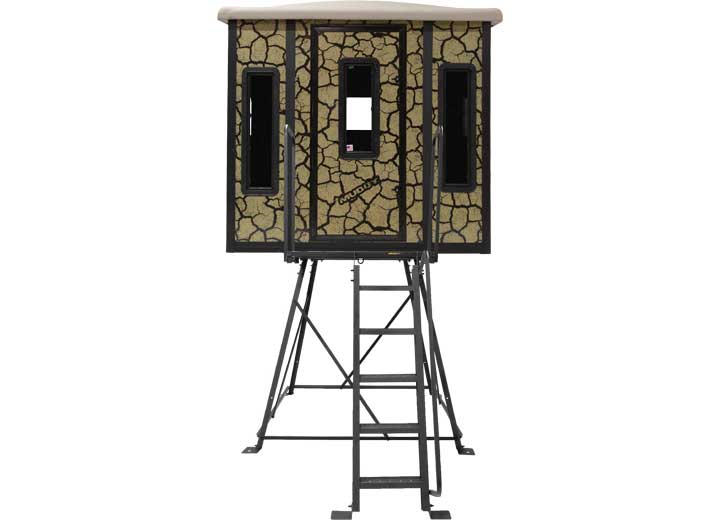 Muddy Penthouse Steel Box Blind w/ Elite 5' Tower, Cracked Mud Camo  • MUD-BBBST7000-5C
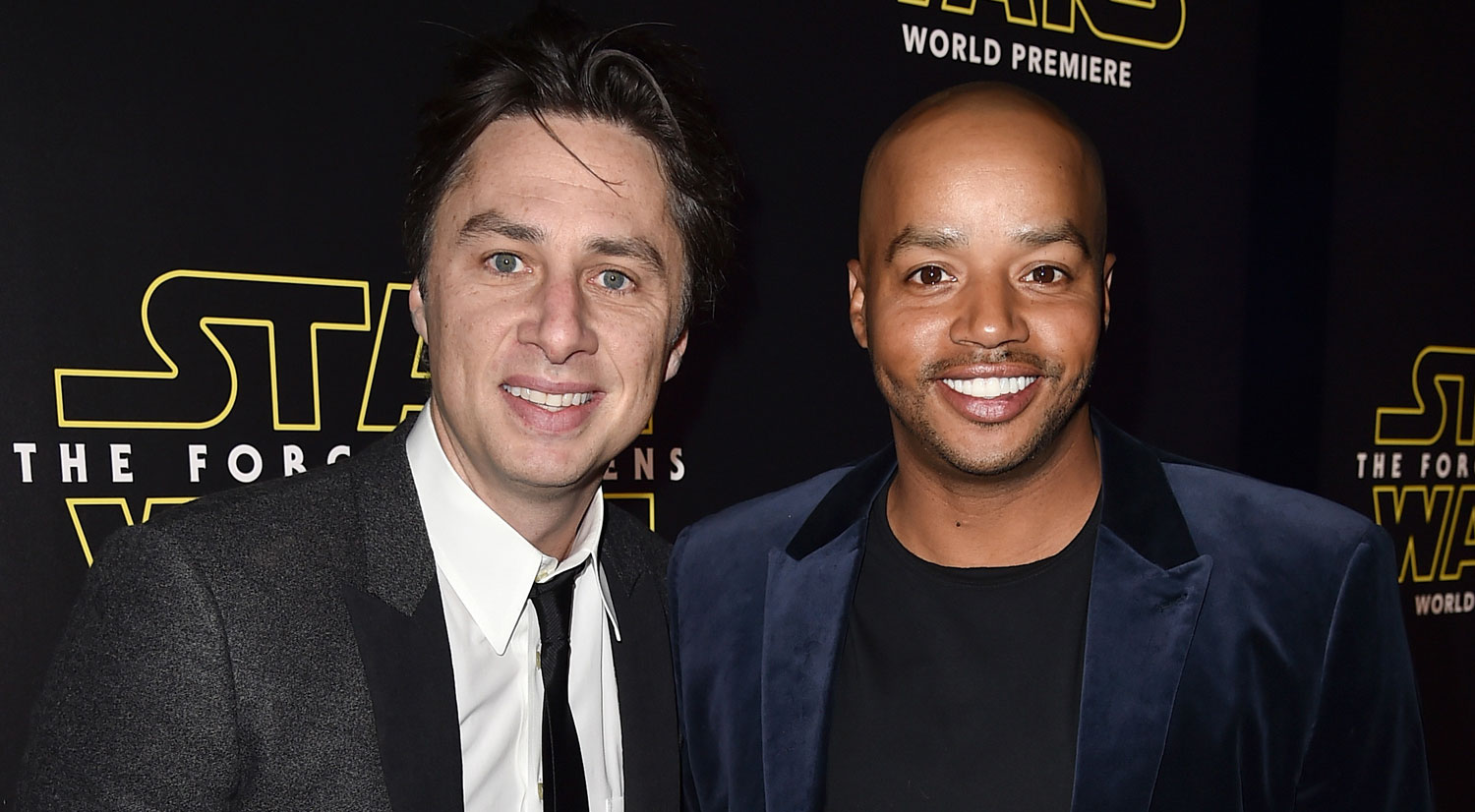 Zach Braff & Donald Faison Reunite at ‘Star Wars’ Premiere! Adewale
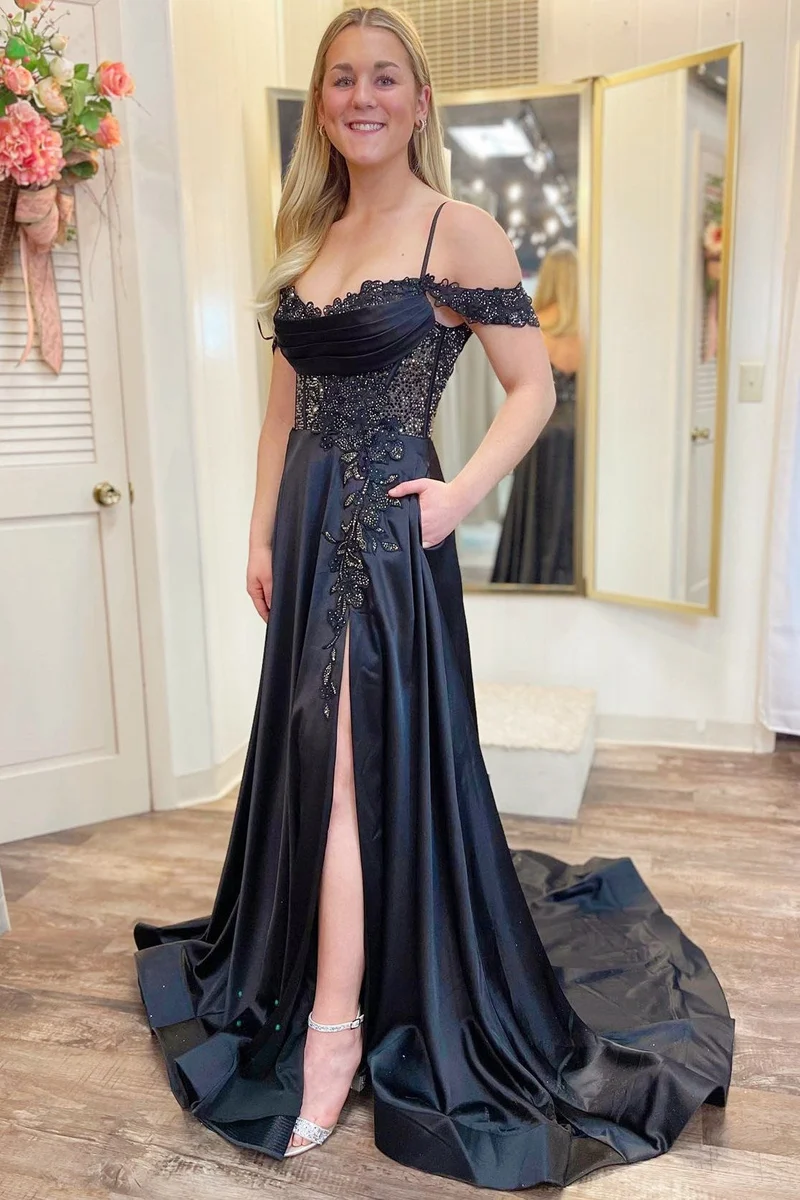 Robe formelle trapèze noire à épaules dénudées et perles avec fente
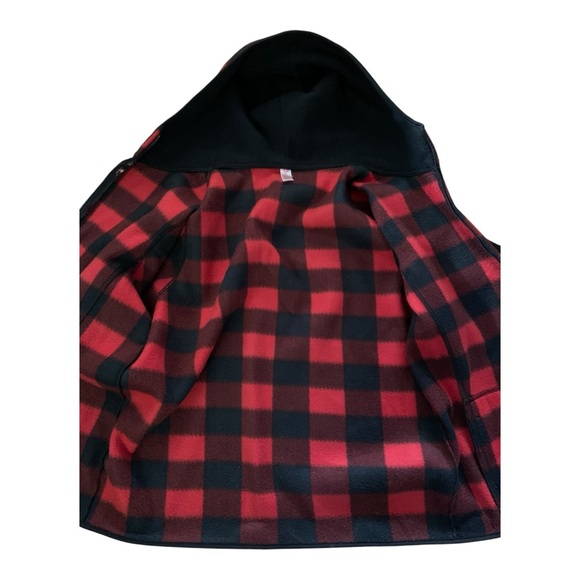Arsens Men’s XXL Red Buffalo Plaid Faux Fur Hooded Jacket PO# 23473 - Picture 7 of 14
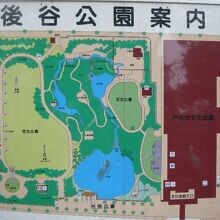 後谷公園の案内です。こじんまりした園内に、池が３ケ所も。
________
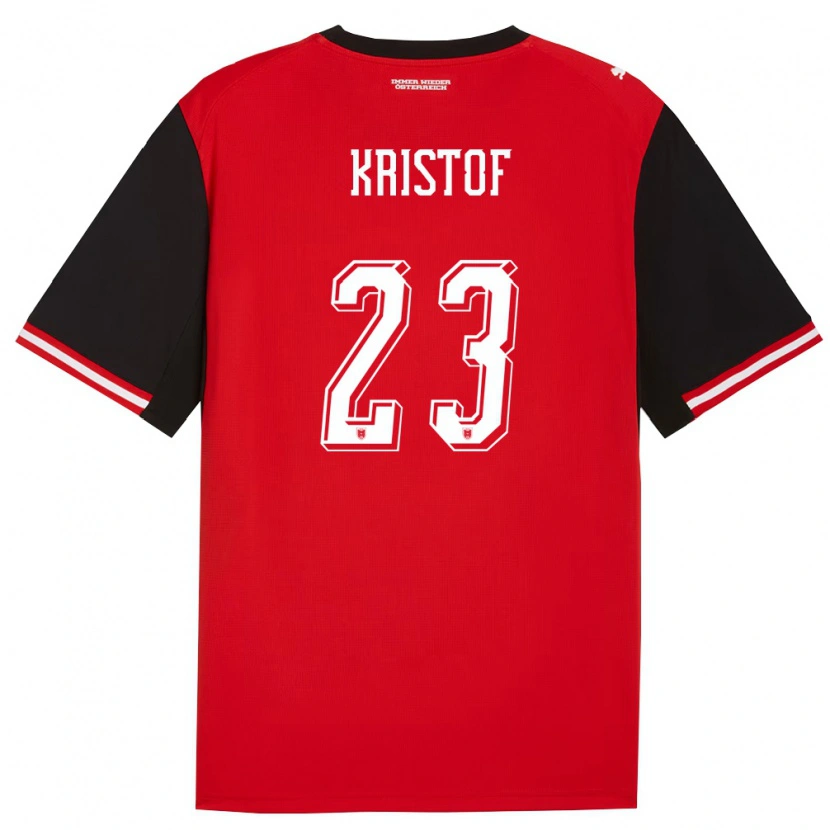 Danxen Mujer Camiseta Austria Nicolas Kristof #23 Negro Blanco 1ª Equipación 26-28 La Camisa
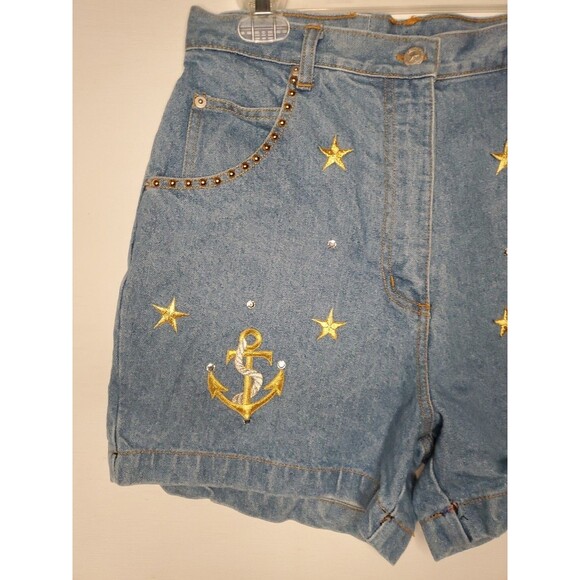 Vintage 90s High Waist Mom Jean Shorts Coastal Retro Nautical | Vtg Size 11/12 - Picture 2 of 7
________
◆ Problem ◆
Nothing but the lines above from the line with "Muddy Penthouse Steel" up to and including the line with "後谷公園の案内です。こじんまりした園内に、池が３ケ所も。" should be returned, exactly as written and without pictures.

◆ Answer space ◆
 Muddy Penthouse Steel Box Blind w/ Elite 5' Tower, Cracked Mud Camo  • MUD-BBBST7000-5C
 Zach Braff & Donald Faison Reunite at ‘Star Wars’ Premiere! Adewale
 Robe formelle trapèze noire à épaules dénudées et perles avec fente
Arsens Men’s XXL Red Buffalo Plaid Faux Fur Hooded Jacket PO# 23473 - Picture 7 of 14
 後谷公園の案内です。こじんまりした園内に、池が３ケ所も。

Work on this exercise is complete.